▶ Action item: Set down each line of the material that follows, exactly, with no pictures.

▶ Given information:
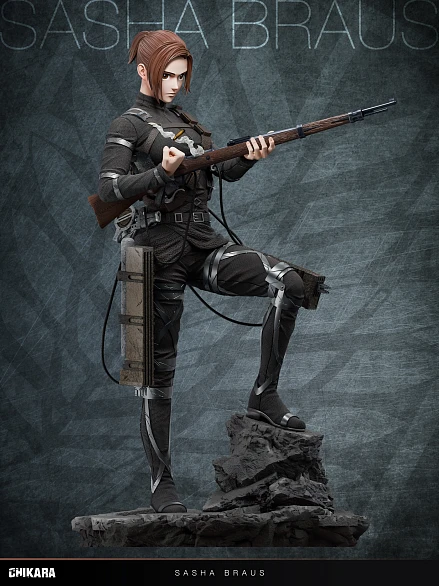 Фигурка Sasha Braus от CHIKARA Studio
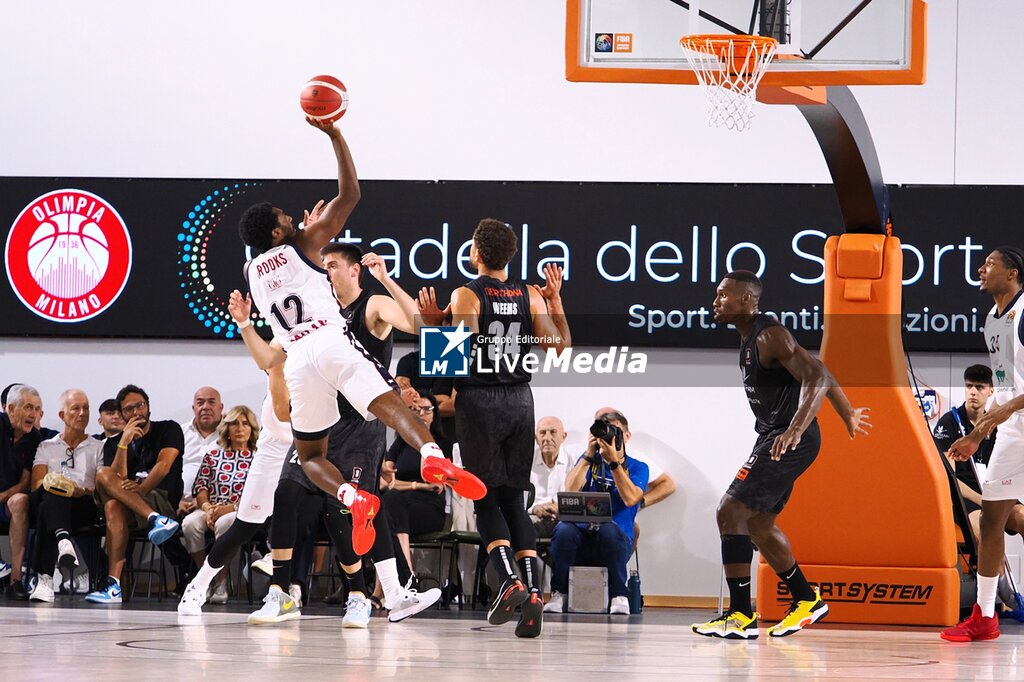 Derthona Basket vs EA7 Emporio Armani Olimpia Milano - FRIENDLY MATCH - BASKETBALL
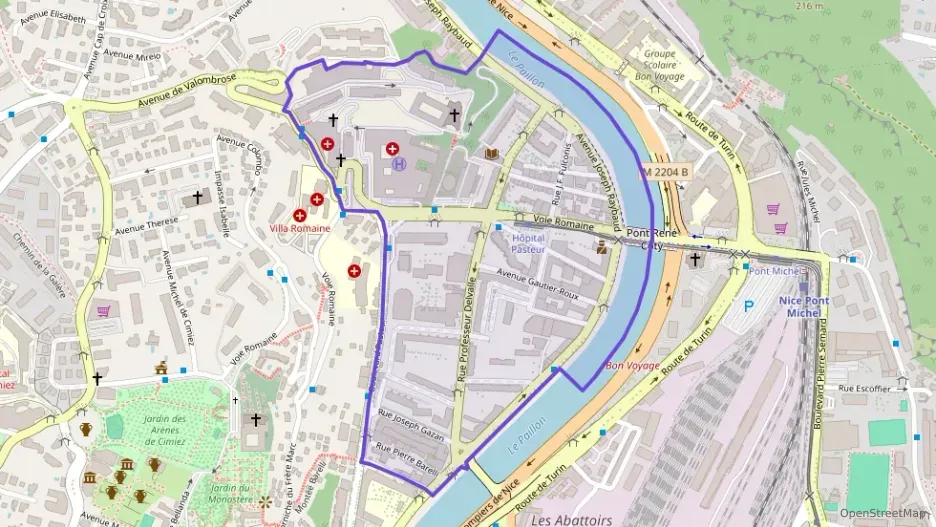 Appartement 22 m² une piece à vendre à Nice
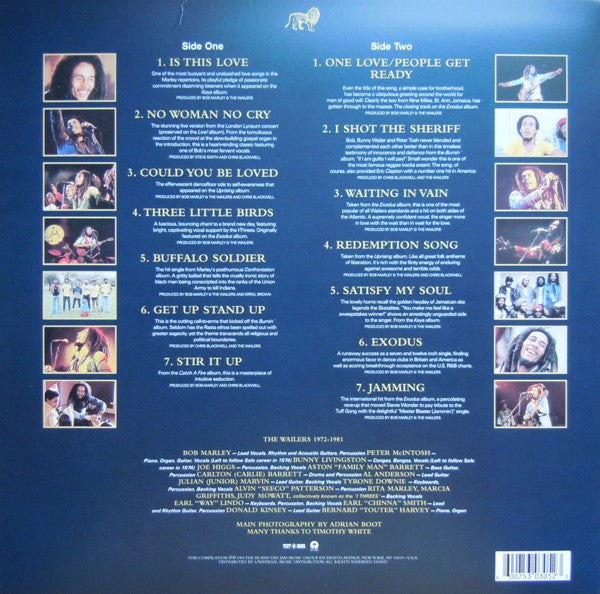 Bob Marley & The Wailers - Legend - The Best Of Bob Marley & The Wailers - 2009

▶ Reply:
 Фигурка Sasha Braus от CHIKARA Studio
 Derthona Basket vs EA7 Emporio Armani Olimpia Milano - FRIENDLY MATCH - BASKETBALL
 Appartement 22 m² une piece à vendre à Nice
 Bob Marley & The Wailers - Legend - The Best Of Bob Marley & The Wailers - 2009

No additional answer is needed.